The decision to place Thailand on Tier 2 Watch List comes at a critical time for the international community, responsible businesses and investors, civil society, and other stakeholders committed to ending labor trafficking in Thailand. The Thai government has shown that it is willing to reform some of its criminal, labor, and fisheries laws in response to international pressure from the European Union and the U.S. Government. While these reforms can be considered a positive step forward, the ineffective implementation of the new and amended laws, as we described in comments submitted to the Office to Monitor and Combat Trafficking in Persons in February of this year1, suggests that the Thai government is either unwilling or unable to take the additional steps needed to fully eradicate labor trafficking from its export sectors, including fishing and seafood processing.
We believe easing pressure on the Thai Government to fulfill its anti-trafficking obligations with only legislative reforms and policy commitments could delay it from making the actual changes in courtrooms, migration corridors, and workplaces required to really address the problem of human trafficking. To this end, we strongly urge the U.S. government to increase its diplomatic and advocacy focus with the Thai Government on four key areas still in need of concrete regulatory and enforcement reform:
1) Governmental corruption and impunity for senior public officials involved in trafficking
2) Denial of migrant workers’, including migrant fishers’, right to organize and collectively bargain;
3) Lack of effective oversight over private employment agencies and brokers in Thailand and countries of origin, especially Burma, Cambodia, and Laos, on recruitment fees and in relation to the Thai Nationality Verification Process; and
4) Intimidation tactics in the form of criminal defamation and computer crime laws used against researchers, journalists, and whistleblowers in government who disclose information on alleged perpetrators of human trafficking and related crimes.
In this regard, we encourage the U.S. Government to leverage Thailand’s Tier 2 Watch List ranking for more significant and permanent change in its treatment of its migrant workforce, particularly those in the fishing and seafood processing sectors. We believe that the United States should communicate to Thailand that it could be downgraded in the 2017 TIP Report unless it takes concrete and time-bound steps to effectively implement recent legal reforms in its fishing and seafood processing sectors; strictly enforce its human trafficking and corruption laws; and amend the Labor Relations Act B.E. 2518 (1975), Recruitment and Job-Seekers Protection Act B.E. 2528 (1985), Act on Computer Crime B.E. 2550 (2007), and criminal defamation laws to bring them into compliance with international labor and human rights standards.
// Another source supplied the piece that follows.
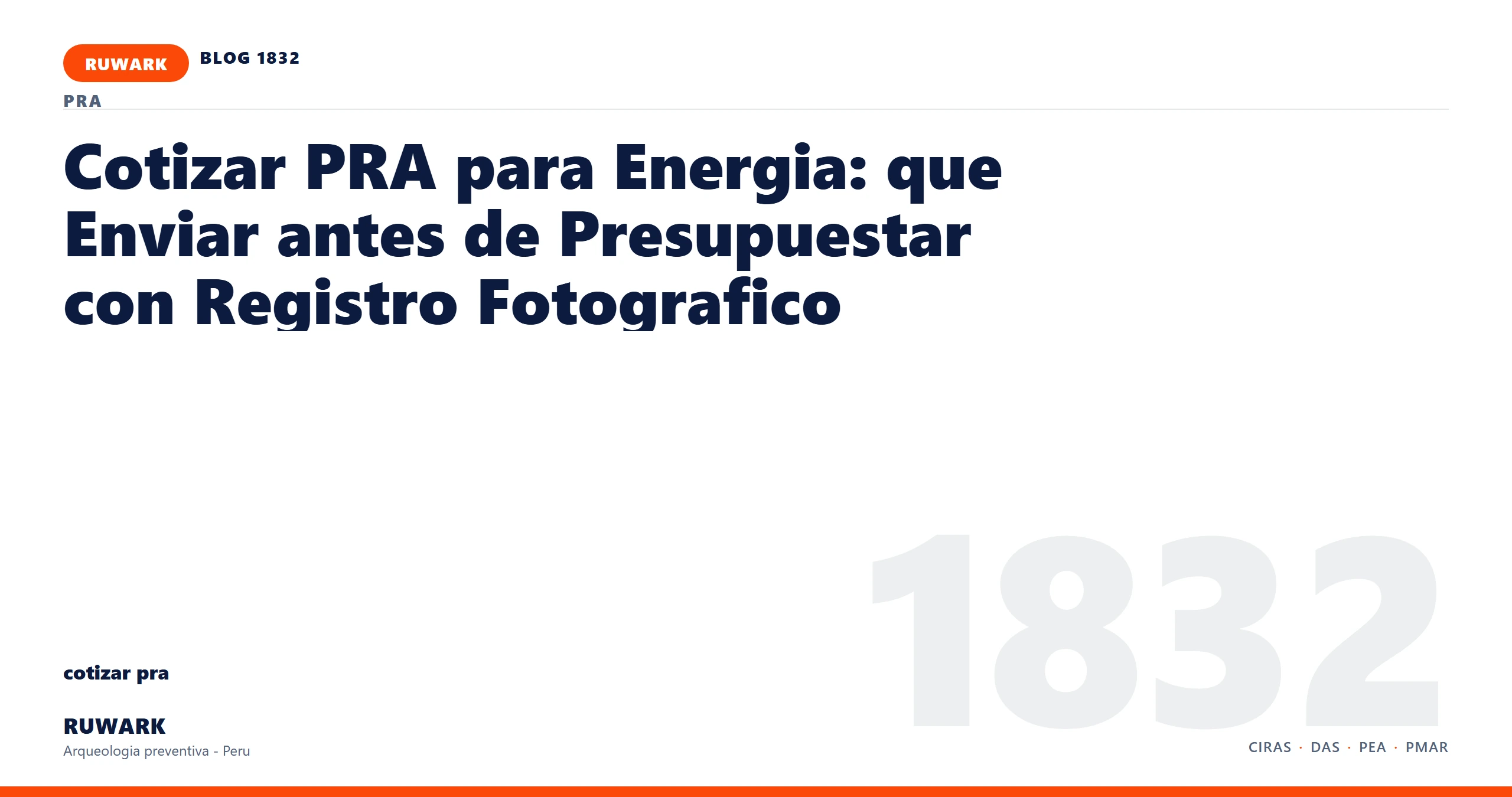 categoria - RUWARK arqueologia preventiva Peru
We remain committed to eradicating labor trafficking in the Thai fishing and seafood processing sectors, as well as among migrant workers more broadly, and look forward to continued engagement with you and your colleagues in Washington and Bangkok. Should you have any questions, please contact Abby McGill, Director of Campaigns at the International Labor Rights Forum, by email at at firstname.lastname@example.org or phone at (202) 347-4100, ext. 113.
1. American Federation of Labor and Congress of Industrial Organizations
2. Alliance to End Slavery and Trafficking (ATEST)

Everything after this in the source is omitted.